Reconnaissance Hacking, The New Russia/China Alliance, Ukraine, and What That Means for The World. With things moving quickly in real time regarding the ongoing Ukraine crisis, a new cyber offensive. Thought to be initiated by Russia, is menacing the Ukraine with DDOS attacks. But regardless of whether or not Russian forces actually attack Ukraine. The world should have concern over the recently announced Russia-China alliance that’s declaring a “new era” in geopolitics.
The new cooperative seeks to challenge the US as the world’s top superpower. And involves the two most prolific hacking nation-states in the world. The fact is, that both Russia and China have been engaging in the practice of reconnaissance hacking. For upwards of a decade! And that gives both nations an ability to remotely attack American or international targets.
Although any Russian attacks against Ukraine would certainly confront force from NATO. The Kremlin, and potentially their newly reinforced ally China, could immediately initiate a widespread cyber offensive operation in retaliation. And if the allies of Russian and Chinese, cyber powers Iran and North Korea, join the fray, things could get very ugly very quickly.
Since about mid-January, the Department of Homeland Security (DHS) and the Cybersecurity and Infrastructure Agency (CISA) have issued warnings of potential cyberattacks. Their fear is based on years of consistent cyberattacks coming from both Russian and Chinese intelligence agencies, with assistance from their respective state-sponsored hacking groups, known as Advanced Persistent Threats (APTs).
These state-sponsored groups have conducted reconnaissance cyber operations, not unlike the historic SolarWinds hack, and have acquired an immeasurable amount of intelligence as a result.
The Russian APT Group Nobelium was behind the SolarWinds attack.
They used an update to a widely used software as the attack vector to install Sunburst Malware in the systems of tens of thousands of entities in both the public and private sector. Among these entities were companies like cybersecurity firm FireEye, in addition to American governmental agencies like DHS and the Treasury Department. Scarier still, Nobelium also compromised entities in the energy and infrastructure sectors.
The SolarWinds attack used the same playbook employed by Russian hackers against Ukrainian targets in the Petya/NotPetya attacks of 2015-2016. Like with SolarWinds, those hacks also affected virtually every sector of the Ukrainian economy, and the hackers also used an update to a popularly used software program for entry.

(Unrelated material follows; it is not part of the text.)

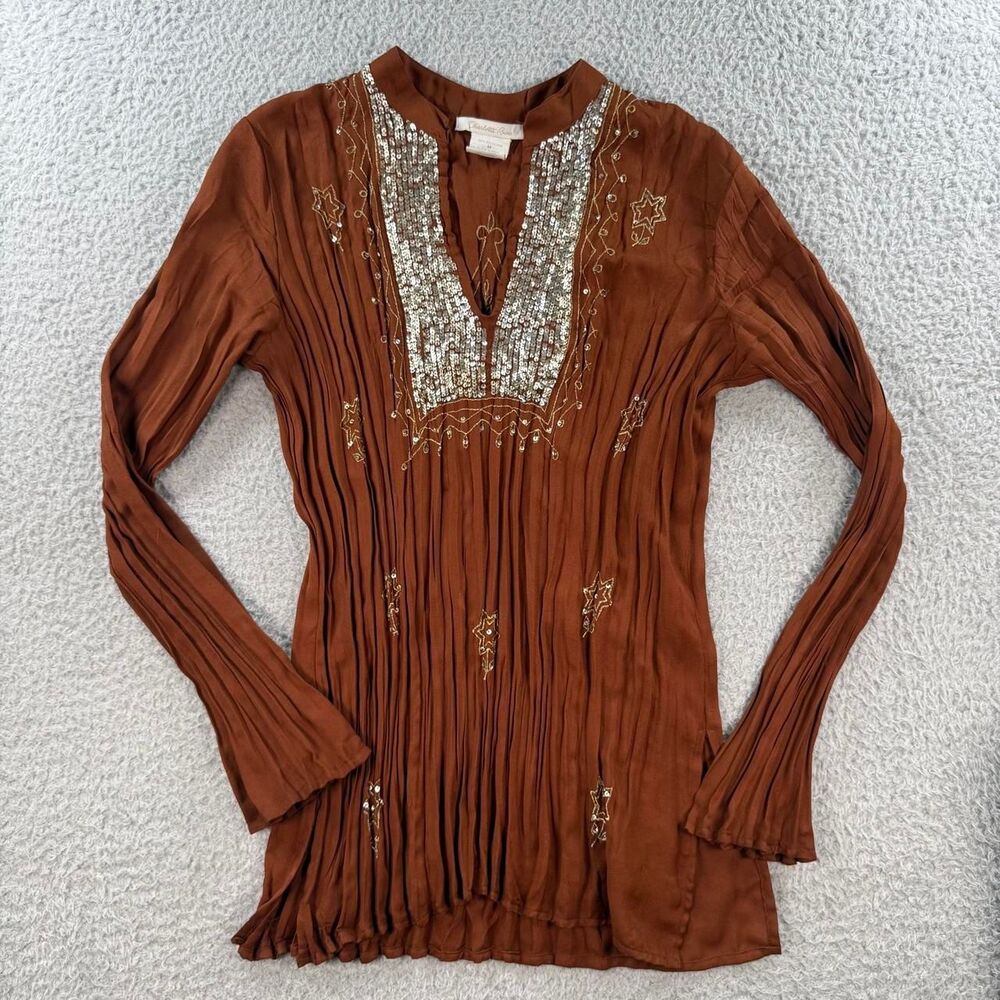 Charlotte-russe Women's Brown and Orange Blouse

The Chinese government also poses a dangerous threat to the west.
In 2018, Chinese hackers victimized a US Navy contractor working on behalf of the Naval Undersea Warfare Center in Newport, Rhode Island. This attack would occur three years after NBC published an NSA map. One that revealed “more than 600 corporate, private or government ‘Victims of Chinese Cyber Espionage’. Attacked over a five-year period, with clusters in America’s industrial centers.”
The NSA map also presented examples of Chinese hackers penetrating America’s critical infrastructure, and this has continued again on many occasions recently. If both countries were to leverage their total combined intelligence, it can potentially have a catastrophic effect against the US from thousands of miles away.
North Korea and Iran are also formidable if they elect to involve themselves with the new Russia/China alliance. The FBI and CISA have already observed Iranian government-sponsored APT groups exploit Fortinet vulnerabilities since March of 2021. Among the more prolific of these groups is APT35, known also as Charming Kitten. While North Korea’s most prolific APT is known as the Lazarus Group.
In conclusion, the next several days will be key in the Ukrainian Crisis. But even if peace remains for now. Moreover, the potential for great devastation still exists. As a result of years of intelligence operations and reconnaissance hacking that have already been achieved.